Towards Sustainable Battery Recycling: A Carbon Footprint Comparison between Pyrometallurgical and Hydrometallurgical Battery Recycling Flowsheets

Abstract

The expected large growth in electric mobility presents challenges, such as requiring a very large amount of critical raw materials like nickel, cobalt, and lithium. Due to this expected growth significant amounts of production scrap from cell and battery manufacturing will be generated. Over the next decade, increasingly larger amounts of Li-ion batteries from electric vehicles will also reach their end-of-life. Hence, in order to close the loop, the development and industrialization of sustainable battery recycling flowsheets are key so that both production scrap and end-of-life batteries can be recycled back to their ‘battery grade’ building blocks. Battery recycling flowsheets are typically categorized into two categories: (1) ‘Pyro-Hydro’, a combination of battery smelting in a pyrometallurgical process, followed by the further refining of the alloy via hydrometallurgy; and (2) ‘(Thermo)mechanical-Hydro’, a combination of (thermo)mechanical pretreatment and further hydrometallurgical refining of the resulting black mass. In this paper, a carbon footprint analysis is presented comparing these two battery recycling approaches: ‘Pyro-Hydro’ and ‘Thermomechanical-Hydro’, taking into account the impact of the latest evolutions in process technology and efficiency.
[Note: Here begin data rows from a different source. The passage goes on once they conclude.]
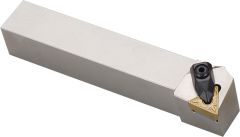 DTGNL2525M-16 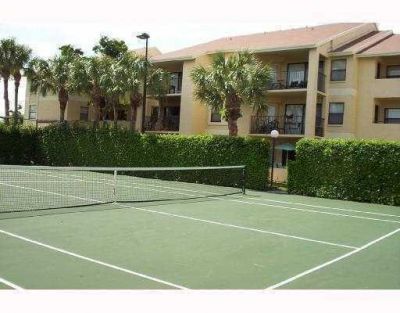 9999 Summerbreeze Drive, Unit 1008, Sunrise, FL 33322 Photo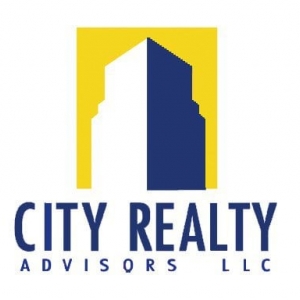 Atlanta City Realty Advisors
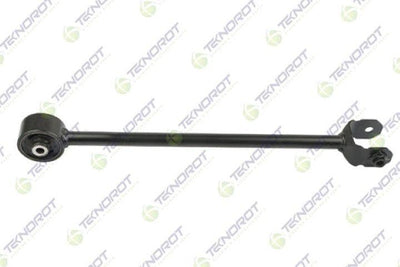 Teknorot HY-1248 — Control Arms & Ball Joints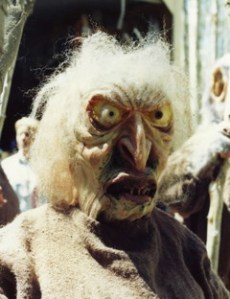 troll2-trollmask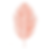 Untitled design.PNG
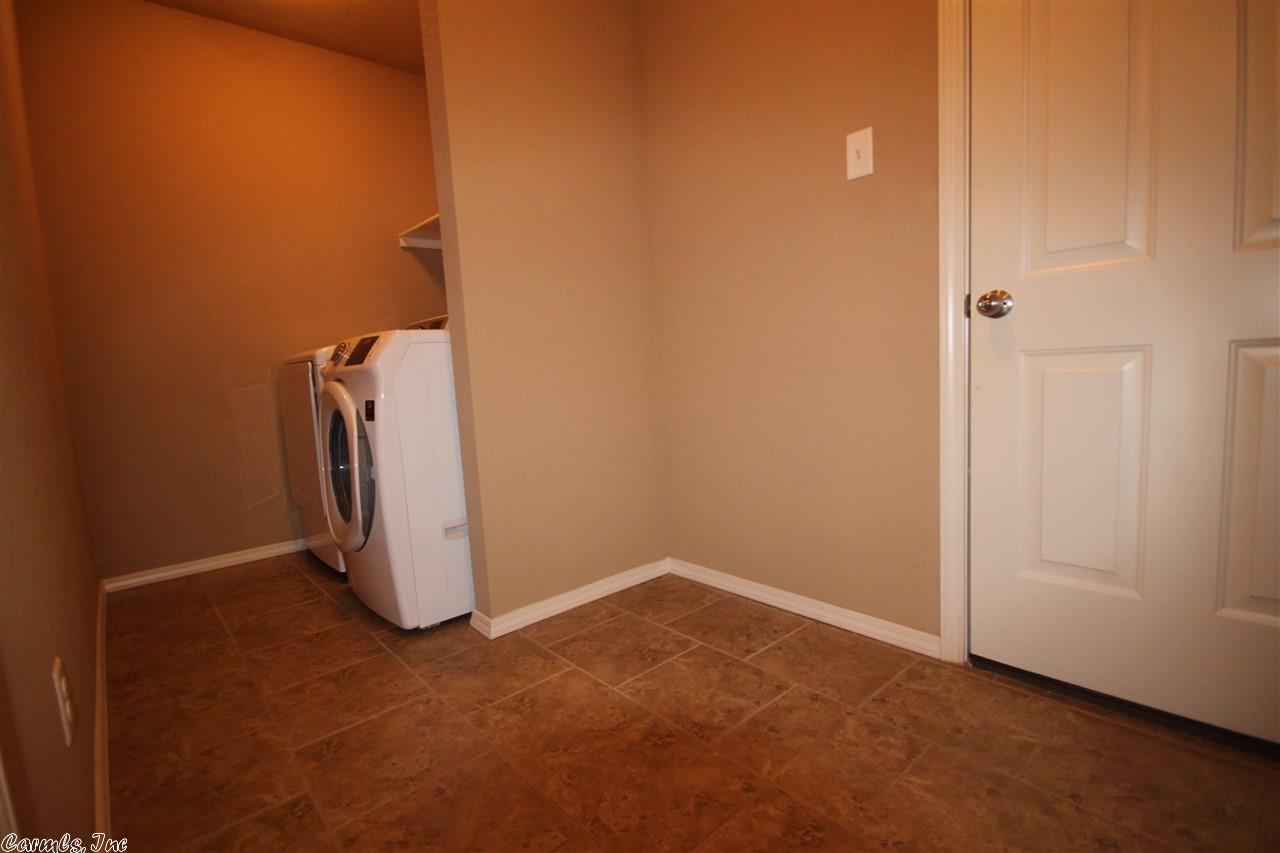 2661 Chapel Creek Dr, Benton, AR 72015 photo 35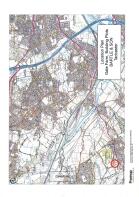 Location Plan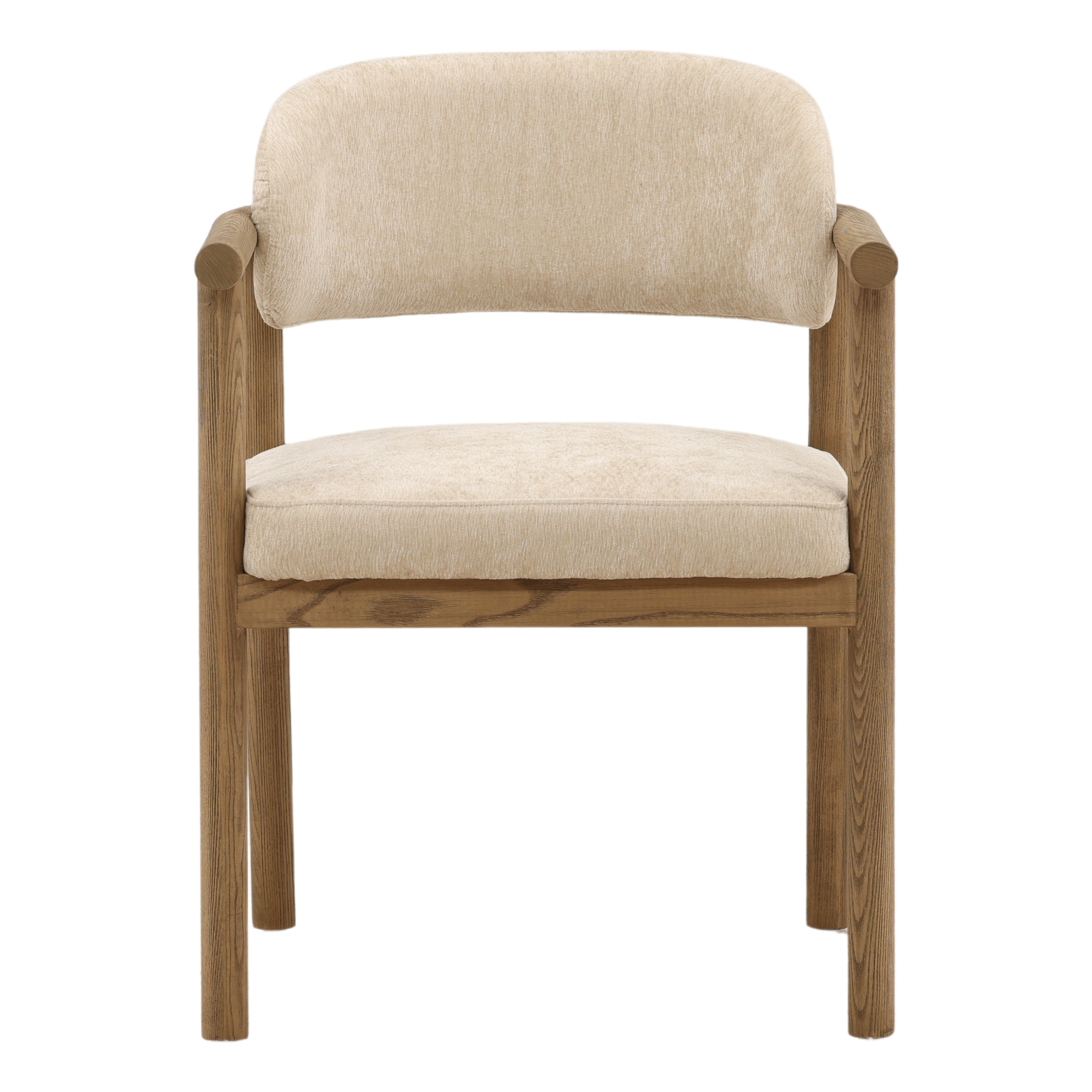 Eloisa Dining Chair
To facilitate this comparison, a prospective LCA was carried out for the respective flowsheets. The quantitative analysis shows that ‘Pyro-Hydro’ leads to the lowest overall carbon footprint but also that both ‘Pyro-Hydro’ and ‘Thermomechanical-Hydro’ flowsheets have their challenges and opportunities for decarbonization. The inclusion of the fate of side streams such as graphite and electrolyte in the analysis is shown to be critically important in order to gain an objective and complete view.